Geçtiğimiz gün Kilis’te Türkiye’nin zeytinyağı ihracatında 4’üncü olduğunu anımsatan Tarım ve Orman Bakanı İbrahim Yumaklı, “Bunu da yine üst sıralara taşımak istiyoruz. 2024’te Türkiye çapında bir var yılı söz konusu ve yüzde 137’lik bir artış bekliyoruz. 3,6 milyon tonluk bir zeytin üretimini inşallah gerçekleştirmiş olacağız. Yaklaşık 750 bin tonu da sofralık olarak üretilmiş olacak inşallah. 2024 yılında yine zeytinyağı üretimimizin yüzde 157 artışla yaklaşık 475 bin ton olacağını varsayıyoruz. Bu yıl zeytinyağı ihracatında çok ciddi bir artış bekliyoruz” dedi.

DEOLEO: “ZEYTİNYAĞI FİYATLARI YÜZDE 50 DÜŞECEK”

Dünyanın en büyük zeytinyağı üreticisi olan İspanyol Deoleo’nun satış şefi Miguel Ángel Guzmán, CNBC International’a yaptığı açıklamada “İyileşme yönünde adımlar atılmış olsa da krizin tamamen bittiğini söylemek doğru olmaz. Zeytinyağı fiyatlarında, özellikle de sızma zeytinyağı gibi daha yüksek kaliteli yağlarda, hala gerginlik döneminden geçiyoruz. Ancak önümüzdeki aylar için görünüm olumlu, zira pazarın istikrara kavuşması ve yeni hasat ilerledikçe ve arz arttıkça normale yavaş yavaş dönülmesi bekleniyor. Önümüzdeki aylarda zeytinyağı fiyatlarının neredeyse yarı yarıya düşmesinin bekliyoruz” ifadelerini kullandı.

“ZEYTİNYAĞI FİYATLARI DÜŞECEK SPEKÜLATİF SÖYLEM”

Fakat sektör temsilcileri “Zeytinyağı fiyatlarının düşecek mi, çıkacak mı?” söyleminin piyasada spekülatif hareketleri doğuracağına dikkat çekiyor.

Ulusal Zeytin ve Zeytinyağı Konseyi Başkanı Dr. Mustafa Tan, “Evet bu yıl dünya fiyatlarında bir düşme seyri var ancak böyle İspanyol firmalarının veya başka İtalyan firmaların çıkıp fiyat düşecek demesi manidar. Bunlar olmaması gereken açıklamalar, Fiyat, ekonomi kurallarına göre arz ve talebin kesişmesi ile oluşur. Yani fiyat düşecekse düşer. Çıkacaksa çıkar bu pazarda belli olur.
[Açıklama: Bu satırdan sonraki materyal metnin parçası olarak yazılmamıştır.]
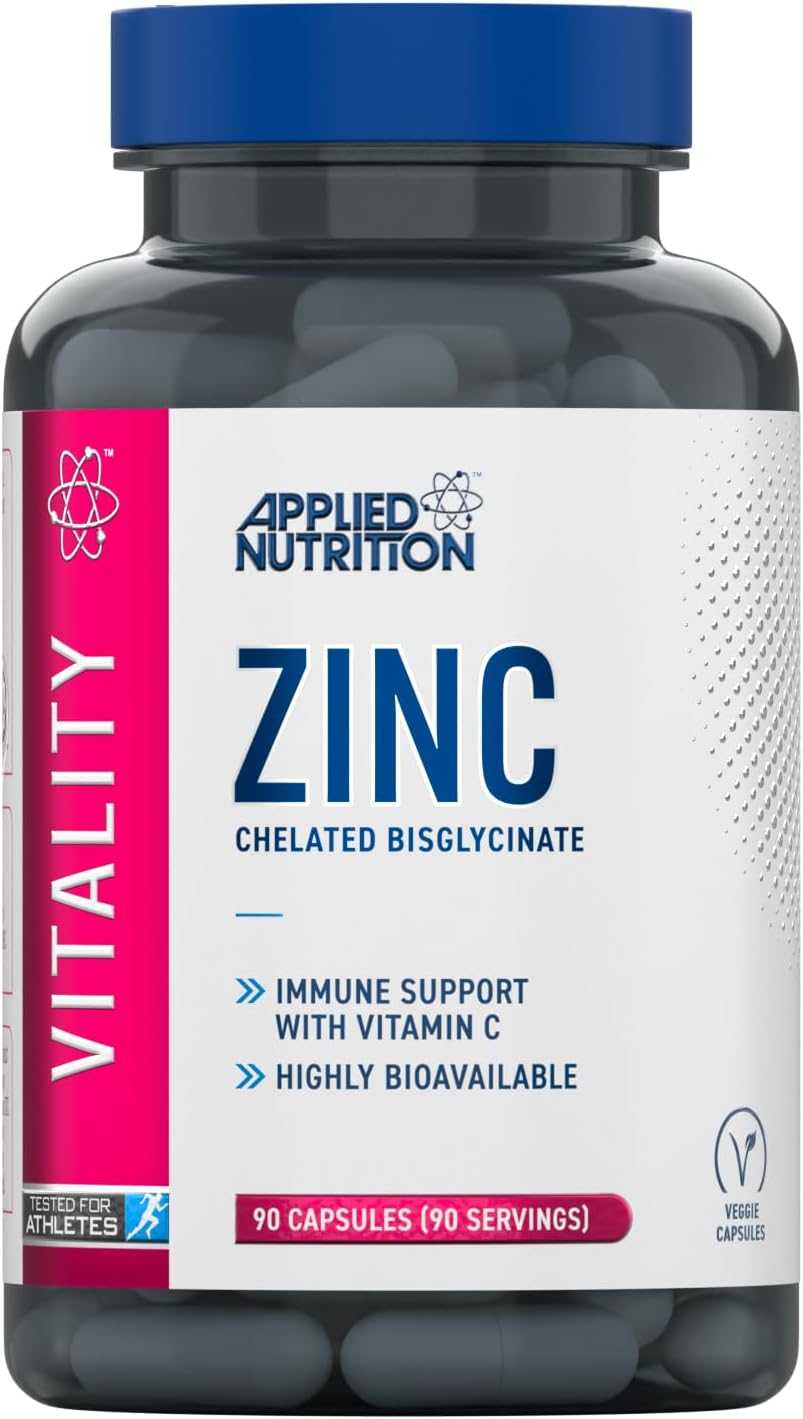 Applied Nutrition Zinc - 15mg Strength Supplement for Normal Immune System Function, Bones, Hair, Skin & Nails, Made in The UK, Vegan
Sezon başında tam zeytinin hasadının hızlanmaya başladığı zamanda fiyat düşecek diye açıklamalarda bulunmak üreticinin ürününü daha ucuza satın almayı doğurur. Bu sektörün bütününe zarar verir. Fiyat nerede olması gerekiyorsa orada olmalıdır. Ne demek bu? Zeytinyağının bir maliyeti var. İşçilik ücretlere geçen sene ortalama 500 lirayken bu sene 1000 – 1.200 TL. Dolayısıyla bu maliyeti nasıl karşılayacaksınız? Zeytinyağı fiyatı düşürerek üreticinin maliyeti nasıl karşılanabilir? Ama dediğim gibi dünyada da fiyatlarda bir düşme eğilimi varsa bu da Türkiye’de bu yansır” dedi.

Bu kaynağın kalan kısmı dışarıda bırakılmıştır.